Be cautious about using AUCs and product updates, however. You may have everything set up and then an update will come out that is not compliant. The AUC product contractors may try to push the updates on you even though they aren’t compliant and refuse to make changes to remedy the compliance issues. This puts your claims and healthcare organization at risk. “Please make sure that even after everything’s signed and done that somebody’s looking at those updates to make sure they are still compliant,” Durling warned.

Example: Durling had a physician group call and say they have been doing facet joint injections for the same group of patients for 10 to 20 years, and now the Centers for Medicare & Medicaid Services (CMS) is making them jump through hoops to get them paid, to the point that the physician group wants to make the patients self-pay out-of-pocket.

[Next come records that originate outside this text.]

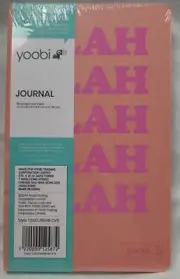 Yoobi Solid Peach/pink Journal "BLAH BLAH BLAH" 8.5"X5.25". NEW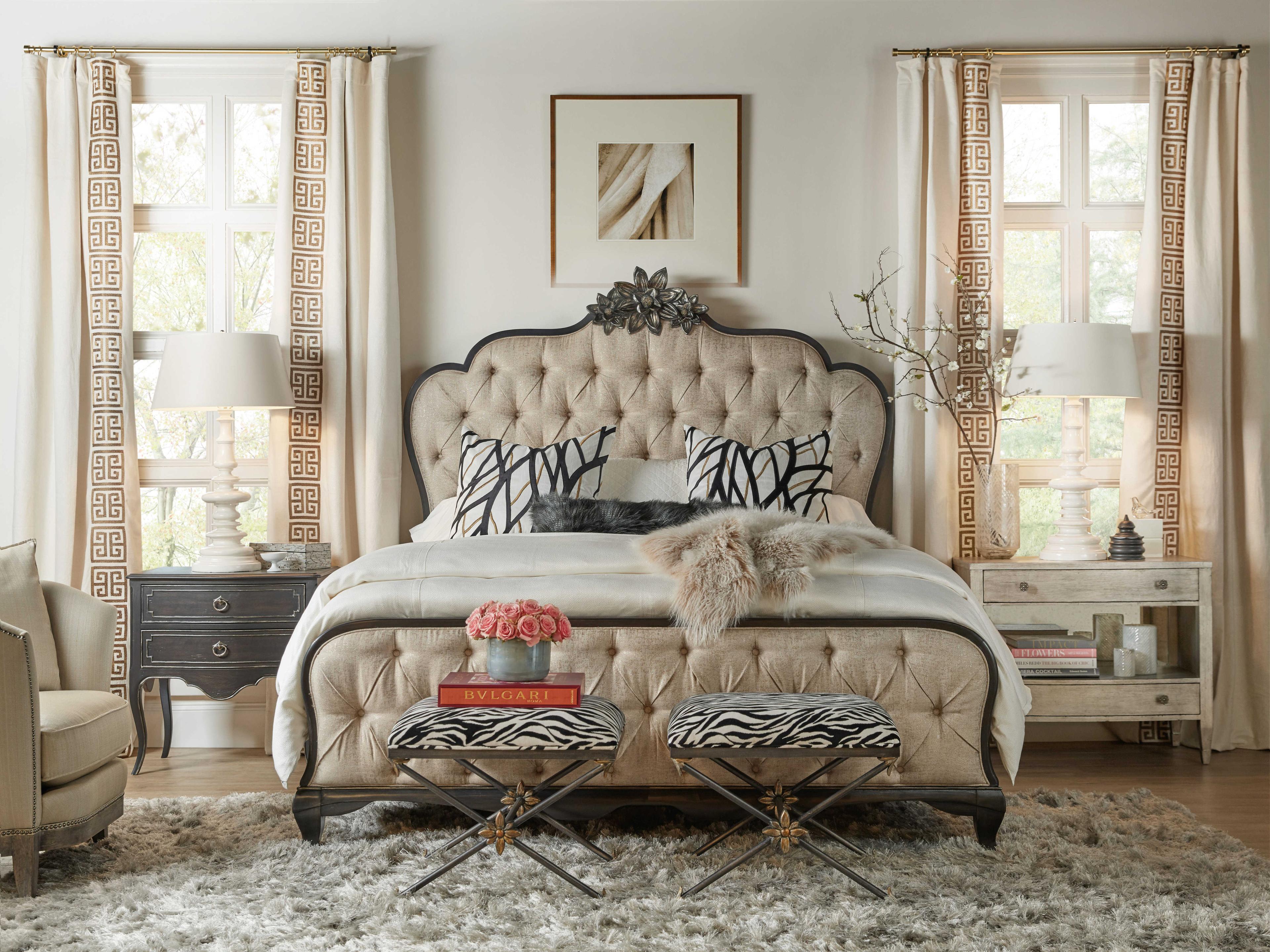 Hooker Furniture Sanctuary Gemme 2-Drawers Hardwood Nightstand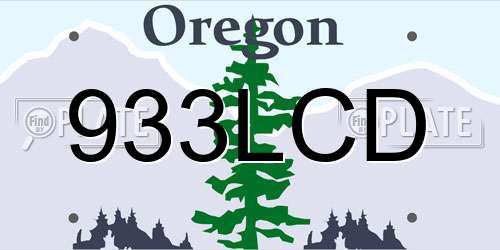 933LCD Oregon License Plate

According to Durling, the problem is the new rules are for new patients, and the new requirements don’t address patients who have been getting injections for years. “My suggestion was we dig back through medical records and find all the original diagnostic things that were done to qualify them the first go-round,” Durling said. “There were paper records somewhere, and that’s the best you can do for these patients to ensure the facet joint injections are still covered.”

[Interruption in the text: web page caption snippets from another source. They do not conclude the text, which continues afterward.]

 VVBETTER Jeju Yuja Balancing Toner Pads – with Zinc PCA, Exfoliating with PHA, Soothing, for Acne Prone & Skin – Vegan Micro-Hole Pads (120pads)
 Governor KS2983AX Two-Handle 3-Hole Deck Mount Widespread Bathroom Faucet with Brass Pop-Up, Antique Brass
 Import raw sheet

Be proactive when you know there are payment or policy changes coming so you don’t have to find out the hard way — months after the fact — that you aren’t meeting pre-auth requirements. Talk with your payer relations group to see if new policy changes affect your specific contracts with commercial payers.

Learn About Other Risks and Audit Areas

There are other areas that are risky in terms of maintaining compliance or that the OIG is paying extra attention to, as well. They include:

  • Limited vs. complete: CPT® codes for ultrasound make the distinction between a “limited” and “complete” exam. When you report a complete exam, be sure all components are imaged and documented.
  • Intensity-modulated radiation therapy (IMRT): Recovery audit contractors (RACs) are auditing diagnostic and therapeutic radiology, and the most recent focus has been on IMRT.
  • Duplex scans: Targeted probe-and-educate auditors have been reviewing duplex scans.
  • Independent diagnostic testing facilities (IDTF): To be considered “independent,” Medicare coverage and payment policy rules for IDTFs “have a ton of hoops you have to jump through to qualify,” said Durling. You can only do diagnostic procedures, and it’s very limiting.
  • Nuclear medicine: Auditors are looking at billing compliance of ventilation-perfusion (VQ) scans, brain scans, and full body scans (similar to PET scans).
  • New technologies: These can include approved and non-approved devices and procedures that are not part of an approved trial or study. For example, if you are using the new CT-enhanced digital mammography and magnetic resonance-guided hi-intensity focused ultrasound (MRgHIFU) for essential tremor treatment, be sure you know the requirements, who and what you can bill, bundling rules, modifiers, etc.

Good resources to help bolster radiology claims compliance include professional medical societies for diagnostic radiology, such as the American Society of Radiology and American Society of Nuclear Cardiology.